I don't know of any published limits for Argon. It is inert, like Nitrogen. For open circuit I could care less. It was something pretty much glossed over in my Nitrox class. Normal Nitrox is used relatively shallow, there is only a little bit blended into air. Running a little extra Argon, you might get 2%, doesn't really change anything. A Nitrox mix so strong that you have 2% will be so depth limited you are not close to getting narced.

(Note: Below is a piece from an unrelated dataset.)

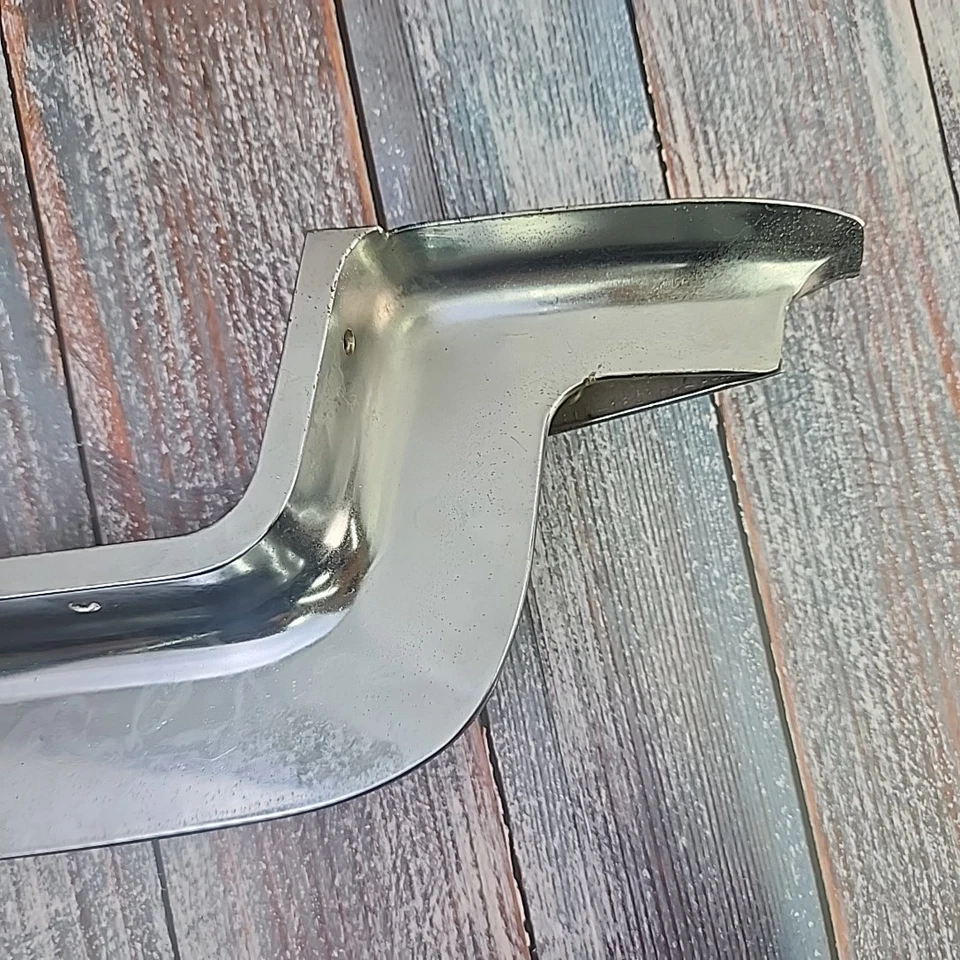 Lincoln C9LB16A192ARHP 1971 Continental Mark III RH guardabarros delantero inferior moldeado Foto 2 de 4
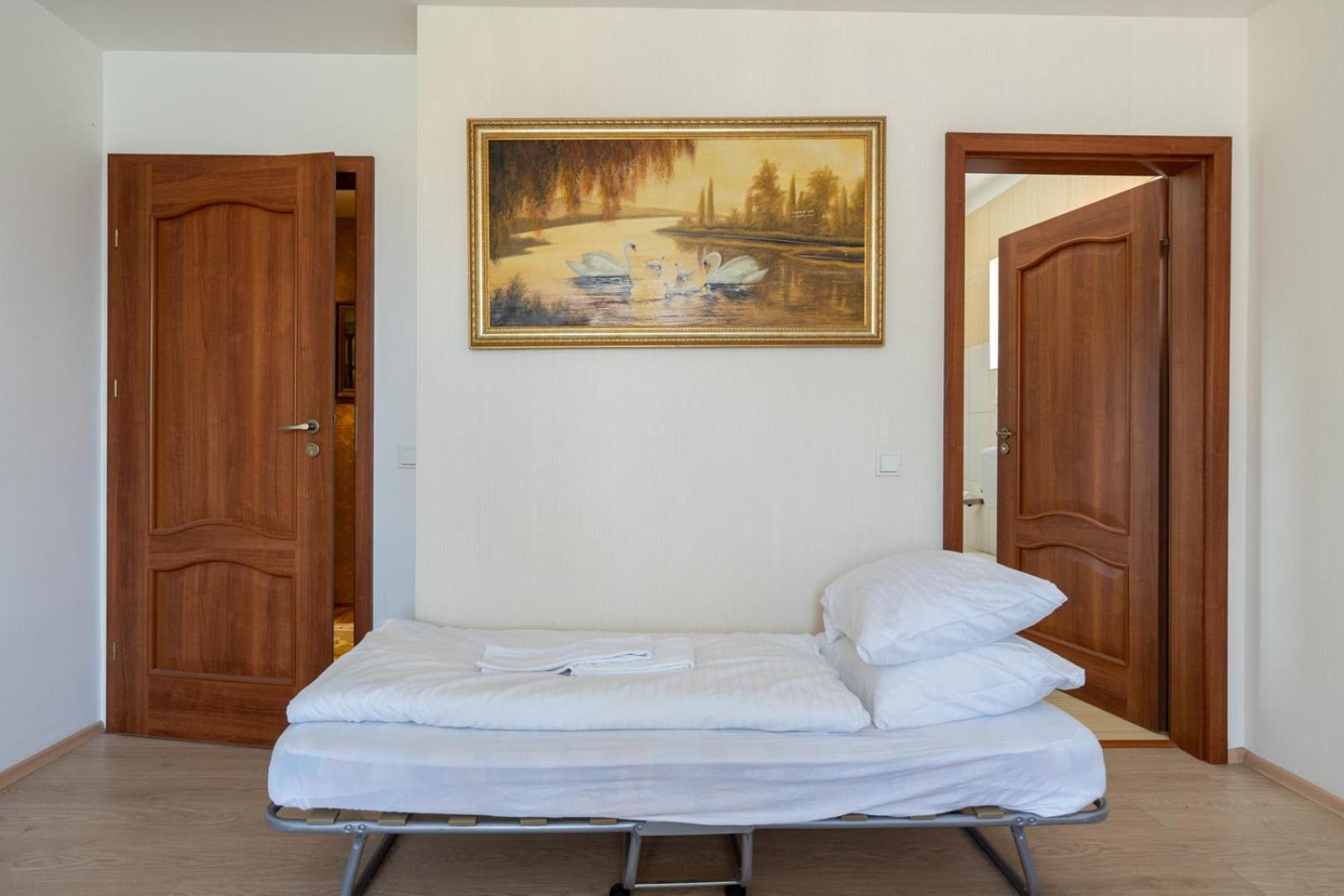 Farawayhomes Aparthotel Near Vienna Airport - Anytime Self Check-In ברוק אן דר לייתה מראה חיצוני תמונה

But for a rebreather things get different. The oxygen is to replace what you metabolize. If you are putting 5% Argon in with your Oxygen (That is what you should expect as you remove the 79% (call it 80% for easy math) Nitrogen and you have Oxygen and Argon now 5X stronger). So 5% of your oxygen is Argon, you burn the Oxygen but leave the Argon. Add more Oxygen/Argon. Pretty soon the Argon in the loop can be a rather significant percentage. If you are running Helium as an anti-narcotic gas, but silently a heavily narcotic Argon into the mix, I am not comfortable with that. The flush every 15 minutes advise, hope you remember before you get narced and forget to. I would rather just use a 100% if I can. I only know of one rebreather (Liberty) that run helium sensors, everything else just uses a little math and you program the trimix in the Diluent bottle and Oxygen is the variable measured with Oxygen sensors. IF you start blending another gas into the mix, the rebreather still knows how much oxygen is in the mix but the computer doesn't know the Nitrogen/Helium/and now more then a trace of Argon in a variable amount that changes depending on how recently you have flushed the loop.
It isn't that it is heavy. There is plenty of velocity in the lungs to expel Argon you inhale. It isn't going to magicly settle and not be able to get it out. SF6 (Sulfur Hexafluoride) is really dense and there are plenty of YouTube videos of people breathing that in for the deep base voice (opposite of Helium) and they are not doing handstands to expel it when they are done. Couple of breaths and back to a normal voice, the gas is gone. Even Propane is a simple asphyxiant, just happens to be flammable. If it is a gas, it will vent out the lungs just fine. When you get into liquids in the lungs, that is a problem. Or if there isn't enough Oxygen in the gas.